Short web captions:
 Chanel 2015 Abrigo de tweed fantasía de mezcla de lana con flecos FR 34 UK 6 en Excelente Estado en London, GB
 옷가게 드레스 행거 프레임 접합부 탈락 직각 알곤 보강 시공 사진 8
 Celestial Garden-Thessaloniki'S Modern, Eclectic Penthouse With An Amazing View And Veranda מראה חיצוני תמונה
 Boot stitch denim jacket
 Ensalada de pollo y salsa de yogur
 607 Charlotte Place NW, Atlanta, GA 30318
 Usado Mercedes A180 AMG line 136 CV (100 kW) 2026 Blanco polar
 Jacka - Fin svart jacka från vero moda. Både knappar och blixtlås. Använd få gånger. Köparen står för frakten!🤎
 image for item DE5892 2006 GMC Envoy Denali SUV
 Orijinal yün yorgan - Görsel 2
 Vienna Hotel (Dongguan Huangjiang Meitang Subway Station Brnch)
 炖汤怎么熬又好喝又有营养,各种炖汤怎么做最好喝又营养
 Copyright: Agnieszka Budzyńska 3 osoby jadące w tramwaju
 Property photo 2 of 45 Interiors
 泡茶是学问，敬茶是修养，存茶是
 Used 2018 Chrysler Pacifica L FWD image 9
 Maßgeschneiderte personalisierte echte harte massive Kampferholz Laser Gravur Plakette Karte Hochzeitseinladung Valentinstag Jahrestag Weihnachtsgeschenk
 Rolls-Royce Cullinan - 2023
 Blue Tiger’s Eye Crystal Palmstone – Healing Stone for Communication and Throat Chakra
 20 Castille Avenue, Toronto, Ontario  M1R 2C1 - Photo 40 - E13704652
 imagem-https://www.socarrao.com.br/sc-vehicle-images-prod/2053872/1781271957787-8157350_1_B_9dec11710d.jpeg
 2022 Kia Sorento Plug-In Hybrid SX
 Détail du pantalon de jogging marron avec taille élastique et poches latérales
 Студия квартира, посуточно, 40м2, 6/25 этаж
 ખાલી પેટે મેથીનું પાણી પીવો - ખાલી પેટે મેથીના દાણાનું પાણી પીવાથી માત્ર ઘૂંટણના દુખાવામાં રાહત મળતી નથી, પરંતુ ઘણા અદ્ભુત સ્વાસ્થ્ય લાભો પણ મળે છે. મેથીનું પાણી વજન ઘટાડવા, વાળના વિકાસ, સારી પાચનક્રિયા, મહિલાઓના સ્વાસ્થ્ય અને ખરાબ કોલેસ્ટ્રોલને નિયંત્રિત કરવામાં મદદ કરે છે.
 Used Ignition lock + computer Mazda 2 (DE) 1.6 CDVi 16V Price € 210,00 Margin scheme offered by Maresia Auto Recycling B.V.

AIM OF THE TASK:
Output only an exact transcription of the lines above from the one with "image for item" up to and including the one with "2022 Kia Sorento Plug-In Hybrid SX".

ANSWER TO THIS TASK:
 image for item DE5892 2006 GMC Envoy Denali SUV
 Orijinal yün yorgan - Görsel 2
 Vienna Hotel (Dongguan Huangjiang Meitang Subway Station Brnch)
 炖汤怎么熬又好喝又有营养,各种炖汤怎么做最好喝又营养
 Copyright: Agnieszka Budzyńska 3 osoby jadące w tramwaju
 Property photo 2 of 45 Interiors
 泡茶是学问，敬茶是修养，存茶是
 Used 2018 Chrysler Pacifica L FWD image 9
 Maßgeschneiderte personalisierte echte harte massive Kampferholz Laser Gravur Plakette Karte Hochzeitseinladung Valentinstag Jahrestag Weihnachtsgeschenk
 Rolls-Royce Cullinan - 2023
 Blue Tiger’s Eye Crystal Palmstone – Healing Stone for Communication and Throat Chakra
 20 Castille Avenue, Toronto, Ontario  M1R 2C1 - Photo 40 - E13704652
 imagem-https://www.socarrao.com.br/sc-vehicle-images-prod/2053872/1781271957787-8157350_1_B_9dec11710d.jpeg
 2022 Kia Sorento Plug-In Hybrid SX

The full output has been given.